General Terms and Conditions of Service

General Terms and Conditions of Service

Please carefully read these Terms and Conditions of Service as they constitute the legally binding agreement between you and IVS Softtech®️ Pvt. Ltd. for the use of our services. By registering and using the Service, you acknowledge that you have understood and accepted the terms of this Agreement. If you do not agree to these terms, you may not use the Service. If you are accepting these terms on behalf of an organization, you represent that you have the authority to do so. However, if your organization has a separate agreement with IVS Softtech®️ Pvt. Ltd., that Agreement will take precedence.

In this Agreement, “Customer” refers to you, unless you are accepting on behalf of an organization, in which case “Customer” refers to the organization. “IVS Softtech®️ Pvt.

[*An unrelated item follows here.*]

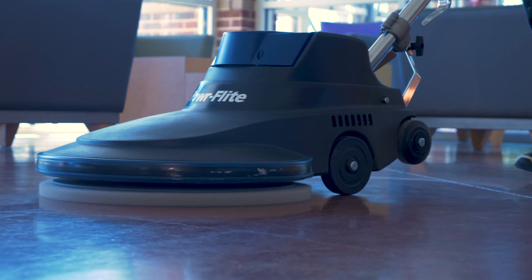The 2000 will shine a little faster, but you're better off using the 1600 if you're in a small area, as you don't want to use a burnisher that is too aggressive.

Ltd.” refers to IVS Softtech®️ Pvt. Ltd., a company incorporated under the laws of India, with its registered office at IVS SOFTTECH PRIVATE LIMITED, LIG-1376, AVAS VIKASH-3, KALYANPUR, KANPUR – 208017, Uttar Pradesh, INDIA. The terms “Party” and “Parties” refer to IVS Softtech®️ Pvt. Ltd. and Customer jointly. “Services” encompass our platform services, including programs, features, functions, report formats, instructions, code samples, online help files, technical documentation, website, marketing material, business center, technical support, Add-ons, upgrades, updates, SDKs, APIs, software, and connectivity services provided by us.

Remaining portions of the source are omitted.